Bank of the West separates Core-Tech from User-Tech
Don’t get lost in the title of yesterday’s American Banker article Redesign at Bank of the West Shows Web Still Vital in Mobile Age (subscription required).
Toward the end of the piece, the explanation of the approach taken by Bank of the West is particularly relevant to last week’s post here on Banking Rebundled: How?. The American Banker post explains:
To facilitate the site makeover, the bank upgraded the Fiserv Corillian software it uses for online banking from version 3.2.5 to 4.2. It also replaced the proprietary middleware software it was using from Fiserv with an enterprise service bus from Software AG and moved to a services-oriented architecture.
The new middleware allows different front end systems to talk to the bank’s core banking platform. “It does enable us to provide better capabilities within online banking, it also lends itself to reusability in other channels such as mobile and ATM,” Yeung said.
The web services used by the online banking system to retrieve customer information and account data, for instance, could be used by the ATM channel, the mobile channel, the contact center or the branches.
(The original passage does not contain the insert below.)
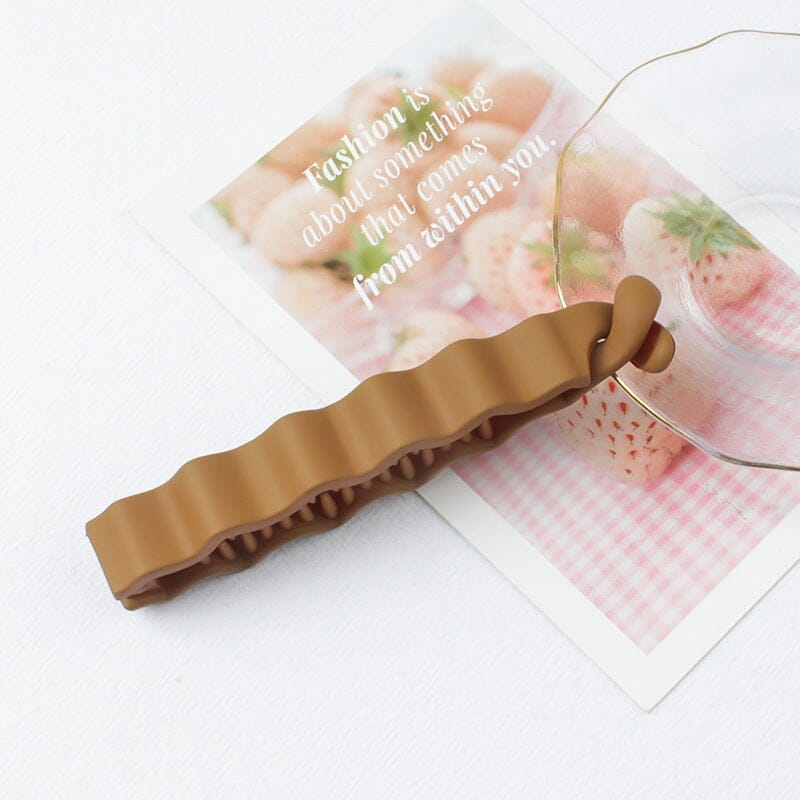 12cm Wavy Banana Hair Clip Erect Hair & Head Accessories VAYORK STARS Yellow coffee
In so doing, Bank of the West is part of another trend in which banks are loath to conduct expensive, time-consuming core banking upgrades and yet do want to move toward the idea of an “omnichannel,” offer some services in real time, and be able to introduce new features quickly, all of which call for modern, componentized technology.
Kudos to Bank of the West for separating their Core-Tech from their User-Tech, and for sharing the strategy as part of that article.